On April 19, 2021, the developments in Coréon Dú were once again the target of government censorship, once again claiming "technical" issues. In the same, an official press release from Angola's Ministry of Media and Telecommunications ordered that, by midnight of April 21, 2021, all local and regional pay-TV services stop broadcasting VIDA TV, which broadcasts a large amount of content licensed and/or produced by Coréon Dú's production team, including several popular entertainment formats created by Coréon himself, such as Tchilar, Bodas, Hora Quente, Flash Sempre a Subir, etc. and also the TV version of the I Love Kuduro Festival. Pay-TV operators are still waiting for clarification as to why this occurred and if they will be able to broadcast this content again in Angola. Pay TV operators are still awaiting clarification as to why this occurred and if they will be able to broadcast this content again in Angola. And this caused that in late 2017, the same Angolan government ministry also ordered the termination of contracts they had from the two and three channels of the state television, TPA.
This measure was also announced on air via the state television station by a government official on behalf of the Ministry of Media and Telecommunication alleging that a group of media outlets naming VIDA TV specifically and alluding to others as other TV, radio, digital and print media which would be forbidden from continuing their activity due to a lack of proper paperwork. This measure was denounced by the Angolan Journalists Union (Sindicatos dos Jornalistas Angolanos) as well as local activists and public figures as an act of censorship with the intention to silence freedom of press and enterprise for media not owned or controlled by people connected to government or people in their sphere of influence as in the past three years the largest Angolan private media has been taken into government control.

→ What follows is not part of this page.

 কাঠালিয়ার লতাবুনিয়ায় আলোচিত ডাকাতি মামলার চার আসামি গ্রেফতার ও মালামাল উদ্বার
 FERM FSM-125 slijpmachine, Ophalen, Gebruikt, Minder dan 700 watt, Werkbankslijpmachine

Part of this campaign also involved building a narrative of character assassination by spreading wide speculation of involvement in allegedly shady business dealings without ever showing any proof. A recent news story "leaked" to Angolan media outlets alleged that Coréon was involved in some sort of unusual agreement with a well-known Angolan businessman to help him set a bank using his "influence", however in a later official interview to a local newspaper the same business owner stated he has never been involved in any business dealings with Coréon Dú and that he has never been his business partner despite having met Dú in person.

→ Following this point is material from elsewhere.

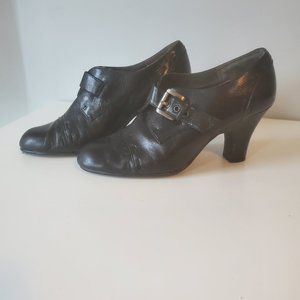 AEROSOLES Black pump with buckle | Size 8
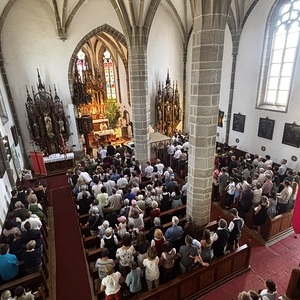 Eine fast bis zum letzten Platz gefüllte Kirche zeigt die Lebendigkeit der Pfarrgemeinde Ried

In recent reports Coréon Dú's mother, Maria Luisa Perdigão Abrantes, when asked about the political witch-hunts against her children has mentioned in several media interviews that similar political witch-hunts are nothing new, as she herself was targeted by people and institutions linked to the MPLA party for several decades and in recent years, despite having been a supporter of their cause during the anti-colonial liberation movement prior to the independence in 1975. As a result, she has reportedly identified as politically independent since around the 1980s and supported a newfound opposition party, PRD, when Angola had its first democratic elections in 1992.